Riazán, diciembre de 1237.
El gran príncipe Yuri Ingvarovich estaba sentado en la sala del trono. Sus dedos golpeaban el reposabrazos tallado, un gesto nervioso que ni siquiera él notaba. Frente a él, como sombras, se alzaban cinco forasteros.
Los emisarios de Batú.
Ojos negros, sonrisas arrogantes, como si ya vieran a Riazán envuelta en llamas. Uno de ellos, un mongol alto con un manto rojo, dio un paso adelante. Su voz sonó tranquila, casi cortés:
—El gran kan Batú, nieto de Gengis Kan, os ordena someteros. Cada ciudad que nos entregue oro, caballos y a sus hijas vivirá. Cada ciudad que se niegue será borrada de la faz de la tierra.
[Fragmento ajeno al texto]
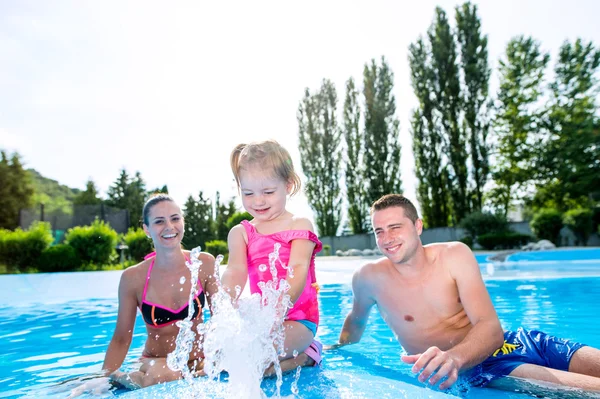 Madre, padre e hija en la piscina. Verano soleado . — Foto de Stock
El joven príncipe Fiódor, hijo de Yuri, apretó los puños. Era joven, impetuoso. Sin esperar la respuesta de su padre, avanzó y escupió en la cara del emisario.
—¿Someternos? ¡Rusia no es esclava! Regresad con vuestro kan y decidle: ¡solo recibirá hierro!
El emisario se limpió el rostro. La sonrisa no desapareció. Inclinó la cabeza y pronunció una sola palabra:
—Muerte.
A la mañana siguiente, los tártaros desaparecieron en el horizonte. Tres días después, los primeros jinetes de Batú llegaron a la ciudad.